--- Task prompt ---
Beginning with the line that holds "superiores e inferiores", set down each line of the data below through the very last, exactly as given, and nothing beyond that.

[Data for the task Boundary: Start]

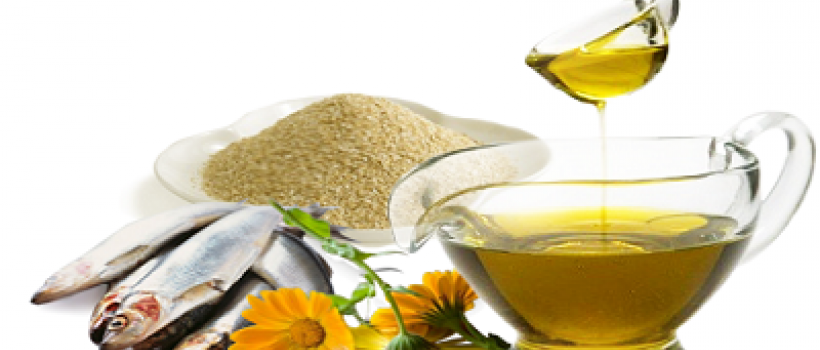 Fishmeal & Fish Oil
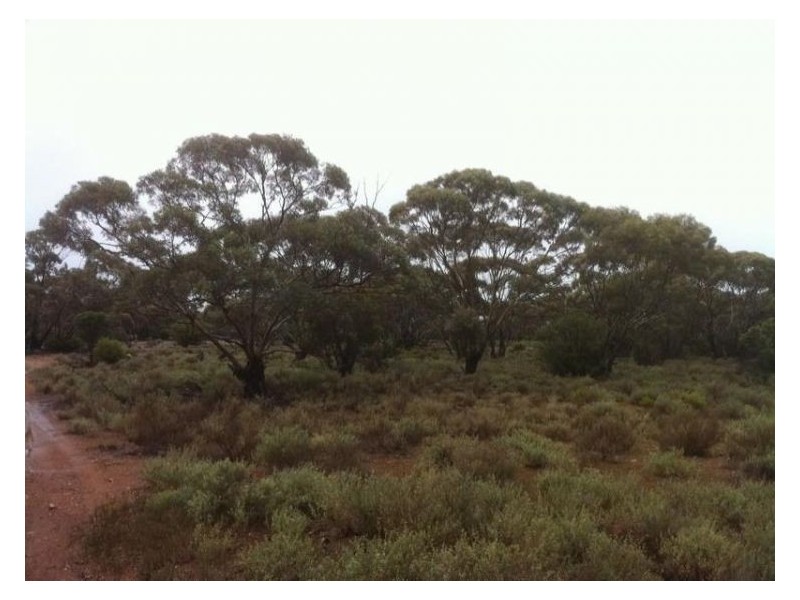 Lot 8 Sandleton Road, Sandleton SA 5356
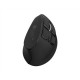 Natec Mouse Euphonie Pro BT 5.00, Wireless, Black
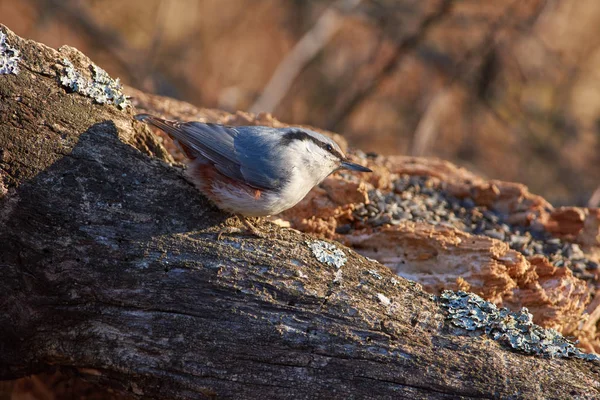 Sittelle Eurasie Sittelle Bois Trouve Sur Tronc Sec Dans Parc — Photo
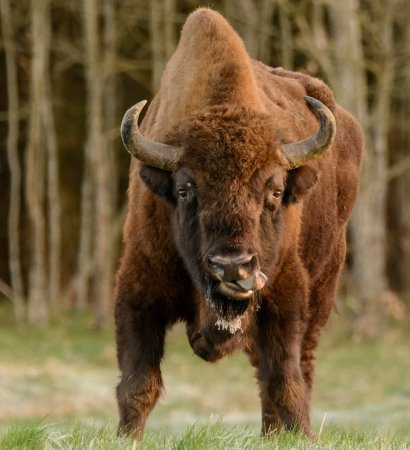 Беловежская пуща бизоны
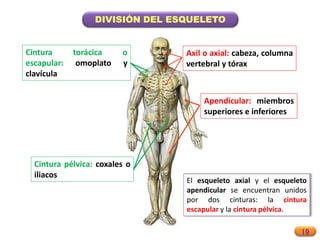 19
DIVISIÓN DEL ESQUELETO
Axil o axial: cabeza, columna
vertebral y tórax
Apendicular: miembros
superiores e inferiores
Cintura pélvica: coxales o
iliacos
Cintura torácica o
escapular: omoplato y
clavícula
El esqueleto axial y el esqueleto
apendicular se encuentran unidos
por dos cinturas: la cintura
escapular y la cintura pélvica.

[Data for the task Boundary: End]

--- Written answer ---
superiores e inferiores
Cintura pélvica: coxales o
iliacos
Cintura torácica o
escapular: omoplato y
clavícula
El esqueleto axial y el esqueleto
apendicular se encuentran unidos
por dos cinturas: la cintura
escapular y la cintura pélvica.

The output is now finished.